Within the work’s opening moments, pressure simmers. Initially, Hay’s accompanying musings sound affordable, even clever: “The physique is at all times speaking to us, if we’ll solely take the time to hear.” However they turn into more and more questionable, as she posits that “all sickness is self-created” and “we select our mother and father; we select our intercourse, our colour, our nation.” The piercing whimper of a canine — an alarming interruption — drowns out her voice. (The title interprets to “I cried with the canines.”)
This cry of misery ushers in what might be a unique method to therapeutic: one created on the artists’ personal phrases, taking significantly the interconnection of the self with social constructions (and with different species). Channeling canine conduct, the dancers — with formidable conviction — bark, moan, grunt, howl and pant. Alone and in pairs, they wrest themselves into extreme contortions and painful-looking balances, generally coming proper up near the viewers, which surrounds them on three sides.
At first this all resembles a type of self-torture, intensified by ominous drones and squawks within the intermittent rating (by Sean MacPherson, Ashbee and Gabriel Nieto, who can also be one of many dancers). But intriguingly, it evolves into one thing extra like play, one dancer tagging one other as an invite to perilously accomplice. Nieto lies on his again, legs up, supporting Greys Vecchionacce in a suspended handstand. In a similar way, Audrey Sides teeters horizontally on the soles of Elise Vanderborght’s toes. Irene Martínez does a headstand on her personal, legs arching again in a physics-defying curve. All of them seem to take nice pleasure in these feats.
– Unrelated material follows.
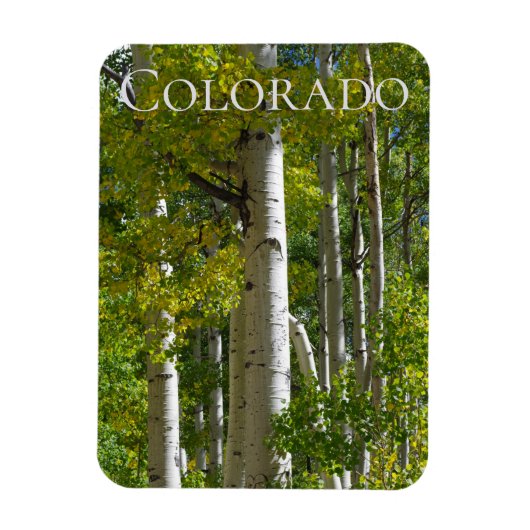 Colorado Aspens Designer Fridge Magnet Magneet (Verticaal)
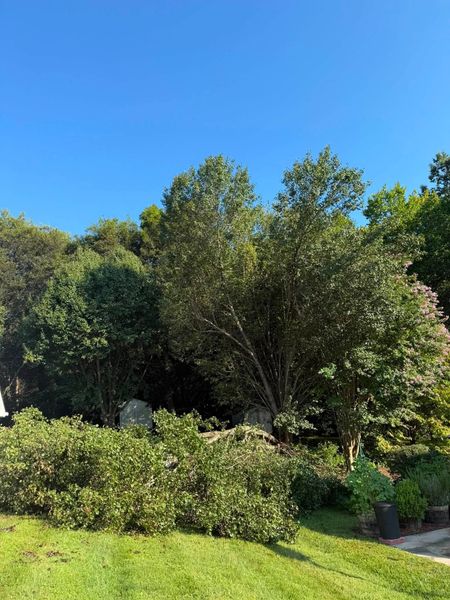 Sunny garden with dense green trees and shrubs under a clear blue sky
At instances, the provocations of “J’ai Pleuré” appear unmoored from a deeper basis, looking for to shock for shock’s sake. However by the tip, the piece unmistakably finds its sense of goal, most potently in a duet for Nieto and Vecchionacce, which appears like a mourning and a reclamation. Whereas the poetic lighting dims, as if to sign an finish, the 2 conjure a brand new starting in a transporting call-and-response, a sound between a growl and a wail flowing from their our bodies. As Nieto traverses the perimeter of the house, Vecchionacce punches, stamps and spins within the middle, a panoramic drive. When all 5 dancers reunite ultimately, lights up on their uncovered our bodies, one thing has been healed.
J’ai Pleuré Avec les Chiens (Time, Creation, Destruction)
Jan. 13-14 at Gibney Dance; gibneydance.org.